這本秘術雖然厲害,但也非常危險,每一種術對於施術者的反噬都異常巨大。李老太太也是怕自己太貪心,會毫無節制地研究書上的那些術法,才將這本書交給了董春花,讓她將這本書藏起來。

董春花只是一個學醫的,她本來就不能修習書上的術法,於是就遵照師姐的吩咐,將書藏在了一個很隱蔽的地方,隨後就努力將這件事忘在腦後。

可劉文輝不知道從什麽地方知道了這本書的存在,以他的貪婪,肯定會覬覦書中記載的秘術。他想要那本書,也知道只有董春花知道那本書在哪,所以,他雖然想要董春花的命,但在得到那本書之前,董春花絕不會死。

我問莊師兄:“師兄,聽你的意思,那個董春花,好像是自己投誠的啊?”

莊師兄說:“是我們先抓住了她,然後她才非常配合地抖露出了這些信息。董春花說,當初李老太太加入葬教的時候,她一直非常反對,她能進入葬教,說白了也是心不甘情不願的。如今劉文輝又這麽對她,她反戈也是正常的。可惜的是,她雖然倒向了咱們這邊,但她畢竟只是一個小角色,對葬教內部的事情知道得太少了。”

在這之後,莊師兄又提到了橡膠廠的鍋爐,以及劉文輝一夥人口中的“羅睺”。

莊師兄說,張軍當年的死,也沒有表面上這麽簡單。

張軍的死因和幾年前馮師兄的調查結果一致,他就是趁著鍋爐工人不註意,自行爬到鍋爐裏,被開水燙死的。

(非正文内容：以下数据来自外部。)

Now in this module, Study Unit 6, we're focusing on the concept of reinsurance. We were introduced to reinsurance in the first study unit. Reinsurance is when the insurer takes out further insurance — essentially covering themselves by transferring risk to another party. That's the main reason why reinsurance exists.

當初馮師兄認為,張軍是在李老太太的控制下自殺的,當時李老太太之所以要他死,是因為張軍已經沒用利用價值了。

可孫先生重新調取了幾年前的案宗,又將所有線索捋了一遍,發現這個案子裏有諸多疑點,就在今天下午,馮師兄和莊師兄提審了方雪梅和董春花,才還原了事情的真相。

張軍跳鍋爐的時候,確實被人控制了,但控制他的人不是李老太太,而是崔老。他之所以會死,不是因為他失去了利用價值,而是因為他那副看似無用的皮囊,對於李老太太和崔老來說,還有更大的用途——培育瘋虱卵。

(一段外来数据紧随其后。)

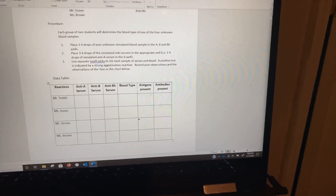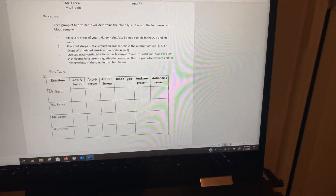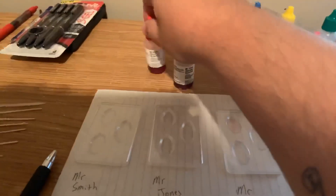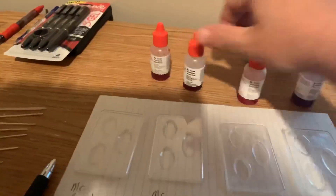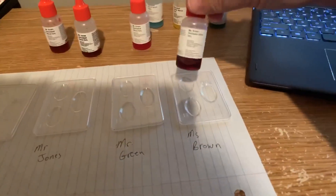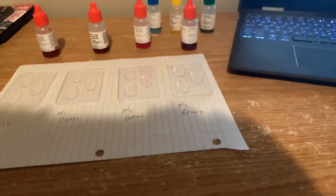I'm not going to give you the answers — you're going to have to figure out what blood type they have based on what we see in the activity. I've got four blood wells labeled with fake blood. The first is Mr. Smith, next is Mr. Jones, then Mr. Green, and last, Ms. Brown. Those are the four unknown blood samples, and we want to figure out what blood type they have.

在幾年前的案宗上曾記錄著這樣一件事。就是據鍋爐房的工人說,在張軍死前的幾天裏,鍋爐的水質曾發生過變化,呈現出了一種銹紅色,當時那些工人以為是鍋爐裏面生銹了,還特意開鍋查看過,卻發現鍋裏根本沒有任何生銹的地方。後來這些工人就認為是管子銹了,特地換了三根管子。

可即便是換了管子,水中的銹紅色依舊存在,也不知道是哪裏出了問題。

直到張軍死後,馮師兄到橡膠廠回訪的時候,那些工人說水質又恢覆正常了。

因為已經結案,加上馮師兄對於這些燒水器械的結構並不熟悉,所以也沒有過分地深究。

可孫先生看了案宗之後卻說:“水質發紅……有可能是有人向水中投放了丹砂,我記得,有一種丹砂是專門用來煉屍的。”

而在之後的調查中,孫先生的話也從側面得到了印證。在當年的兩個鍋爐房工人中,其中一個就是葬教的人。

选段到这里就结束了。